Product Reviews

Inside the Windows Intune Wave 2 Beta: New Features Overview

The updated security management service features impressive remote-management and deployment capabilities.

Back in March, Microsoft released a new systems-management service called Windows Intune. The service allows customers to enroll their PCs and manage things like Windows updates, antivirus and anti-malware applications on dispersed computers using the Internet. It also brings information from the PC, such as hardware and software details, to the service console each time systems check in.

The idea that these services could be managed on completely remote computers is pretty incredible. Windows Intune stores the information in the cloud and is accessed via the Web by administrators to approve updates and review what might be going on with enrolled computers. For the initial release, the cost of the service is $11 per month. With that service per computer, you also get a Software Assurance (SA) license for Windows 7 Enterprise as long as the machine remains on the service.

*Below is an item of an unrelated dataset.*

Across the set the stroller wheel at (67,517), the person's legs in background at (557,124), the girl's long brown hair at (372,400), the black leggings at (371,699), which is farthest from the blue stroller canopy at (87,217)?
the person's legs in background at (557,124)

Sounds pretty appealing, right? You're able to ensure that Windows updates and antivirus definitions are being maintained on machines you manage that don't connect to headquarters very often. Of course, all of this assumes you have the staff and the time to be the perfect Windows Update administrator, but that's another issue for another time.

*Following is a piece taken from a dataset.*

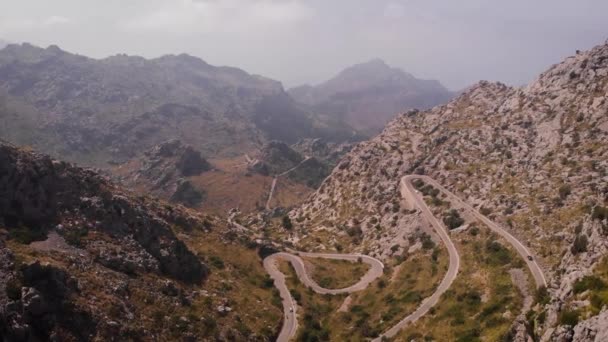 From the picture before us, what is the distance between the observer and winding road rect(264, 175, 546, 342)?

In mid-July, Microsoft released a public beta of the next Windows Intune release, simply called Wave 2, which includes some new features and improvements to existing features. This review will focus on the Wave 2 items. I'm excited about some of the features and not sure how I'll use others, but so far, in limited testing, Wave 2 seems like a step in the right direction.

Some of the features from the first release have been enhanced; the biggest of these is the overall experience in a browser. Performance for the administrative console (see Figure 1) is much better in Wave 2, although there are more reloads needed. But because the release is beta, that's to be expected. The Silverlight capabilities are improved (the right-click context menu works), and the app seems to play with non-Microsoft browsers better than 1.0 did.

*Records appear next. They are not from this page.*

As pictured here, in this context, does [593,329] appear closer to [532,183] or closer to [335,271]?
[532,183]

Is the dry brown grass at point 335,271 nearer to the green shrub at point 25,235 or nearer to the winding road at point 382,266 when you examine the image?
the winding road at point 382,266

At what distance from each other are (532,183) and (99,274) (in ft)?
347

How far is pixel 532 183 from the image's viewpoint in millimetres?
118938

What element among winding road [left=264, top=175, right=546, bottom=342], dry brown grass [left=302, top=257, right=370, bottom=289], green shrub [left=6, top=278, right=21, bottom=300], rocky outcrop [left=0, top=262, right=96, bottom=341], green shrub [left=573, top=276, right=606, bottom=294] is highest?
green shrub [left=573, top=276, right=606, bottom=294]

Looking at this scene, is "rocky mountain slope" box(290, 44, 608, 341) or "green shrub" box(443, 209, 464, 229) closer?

[Click on image for larger view.]
Figure 1. The Windows Intune System Overview window.

For the most part, of the features I've gotten into, the biggest area of improvement is overall performance.

Software Deployment
One of the biggest additions to Windows Intune is storage. Microsoft is providing 2GB of storage for application deployment to enrolled systems, and additional storage will be available to purchase from the application. I suppose the second-coolest feature is managing and deploying applications right from the cloud.

Clients on corporate networks receive deployed software all the time; it frees up administrators and IT staff to work on other issues, and also aids in license management and application control. Microsoft is taking this to the cloud with Wave 2. Users will be able to upload software to the service and specify clients that the application should be deployed on. When the client checks in next, the application installation will begin.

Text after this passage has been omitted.